È anzi offensiva del Signore, come se Egli stesse spiando le nostre debolezze per colpirci. Gesù, in questa pagina, si scaglia contro tale concezione: “Né lui ha peccato, né i suoi genitori”. Non vuole rispondere alla questione teorica (e certamente drammatica) della presenza del dolore e della malattia in questo mondo. Gesù però vuole mostrare chiaramente qual è l’atteggiamento di Dio di fronte al male. Il Signore non solo non è uno che infligge il male ai suoi figli (su questo è categorico), ma neppure è indifferente i drammi e alle malattie che si abbattono su di loro. Egli viene in nostro soccorso per salvarci.

È la vicenda di quel cieco. Mentre i discepoli discutono Gesù si avvicina e lo tocca con tenerezza. In quella mano che tocca si compie il mistero dell’amore di Dio. Il mistero non è una realtà incomprensibile. E’ piuttosto incomprensibile la durezza e la cattiveria degli uomini, spesso distanti a tal punto da non riuscire né a parlarsi né ad amarsi.

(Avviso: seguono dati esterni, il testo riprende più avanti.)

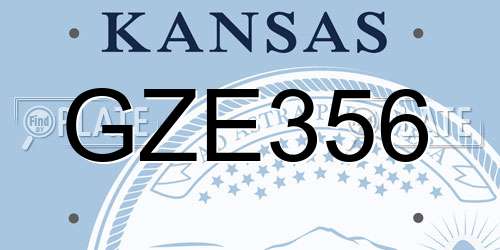 GZE356 Kansas License Plate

Ma quando quella mano si stende l’amore di Dio ci tocca, fisicamente. Gesù disse a quel cieco : “Va a lavarti nella piscina di Siloe”. Il cieco vi andò, “si lavò e tornò vedendo”, nota, stringato, l’evangelista. La guarigione non è questione di magia o di pratiche esoteriche.

È molto più semplice: basta obbedire alle parole di Gesù. Anche per noi è possibile rivivere questa pagina della Scrittura: è sufficiente lasciarsi toccare il cuore dal Vangelo e immergersi nella piscina di Siloe ch’è la Messa della domenica. E saremo guariti dalla cecità. Forse accadrà anche a noi quello che accadde al cieco: non essere compresi. Toccato dal Signore, quel cieco praticamente rinacque; non solo vedeva coloro che prima non vedeva, ma si era anche un poco affezionato a Gesù anche se non lo conosceva bene. Era insomma diventato un uomo nuovo, tanto da suscitare perplessità tra coloro che pure lo conoscevano.

Alcuni pensavano persino che non era la stessa persona che stava a chiedere l’elemosina. Altri, come i farisei, giunsero ad accusarlo sino a cacciarlo fuori. Ma, cacciato fuori, incontrò nuovamente il Signore. Gli altri lo cacciano, ma Gesù lo trova, e gli parla ancora. Gesù non abbandona chi ha iniziato ad ascoltarlo, chi si è affidato alle sue mani, chi si è lasciato toccare il cuore. In questo nuovo incontro Gesù gli apre gli occhi del cuore. È quello di cui noi abbiamo bisogno, di settimana in settimana, per purificarci dalle nostre chiusure, per rafforzare le nostre mani, per allargare il nostro cuore, per abbracciare anche noi come quel cieco il Signore Gesù e dirgli: “Io credo, Signore”.